American Ghosts & Old World Wonders by Angela Carter - review by Charles Shaar Murray

Charles Shaar Murray

Carnival Spirit

American Ghosts & Old World Wonders

By

Chatto & Windus 224pp £13.99
 

Very few of us are privileged to leave this plane of existence without unfinished business – the exceptions are either appallingly well organised, or else cannot have had any real business in the first place – and this, ahem, ‘slim’ volume contains the unfinished business of one of the finest and most unorthodox British writers of the past few decades. The present collection was begun by Carter herself during the final months of her life: the structure and title are her own, and two additional pieces were subsequently added by her literary executor, Susannah Clapp. It serves to remind any of us who might have forgotten that Angela Carter spoke ‘myth’ as her native language, and with an accent unmistakably her own.
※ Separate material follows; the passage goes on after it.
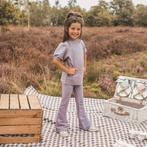 Your Wishes  Glitter Flared Legging Meisje Maat 128, Meisje, Nieuw, Ophalen of Verzenden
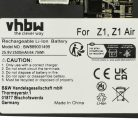 VHBW Battery - 2500 mAh, 25.9 V, Li-Ion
For Carter, myth subsists as a rich and loamy dream-soil which nourishes the ancient, pagan spirit of hedonism, bacchanal, carnival; that spirit which is forever thrusting its sturdy shoots through the banal concrete of Christian puritanism and contemporary rationalism. It is the earth fighting back; it is the real ‘us’. In their modern incarnations, our myths have been degraded, banalised, and bled dry of meaning by the likes of Disney and Spielberg: it was Carter’s mission, in a highly literal sense, to replace the lost blood of these myths with her own. Nowhere is this clearer than in ‘Ashputtle or The Mother’s Ghost’, a reinterpretation of Cinderella which turns it into nothing so much as a weirdly distorted mirror-image of King Lear, with Cinders (or, in this reading, ‘Ashputtle’) as a maligned Cordelia, the vicious stepmother replacing the addled King, and the same kingdom to play for. This Carterised (cauterised?) version is awash with blood: the legendary slipper overflows with it after the stepmother has mutilated the feet of her ugly daughters so that they might fit. ‘So now Ashputtle must put her foot into this hideous receptacle, this open wound, still slick and warm as it is, for nothing in any of the many texts of this tale suggests the prince washed the shoe out between fittings.’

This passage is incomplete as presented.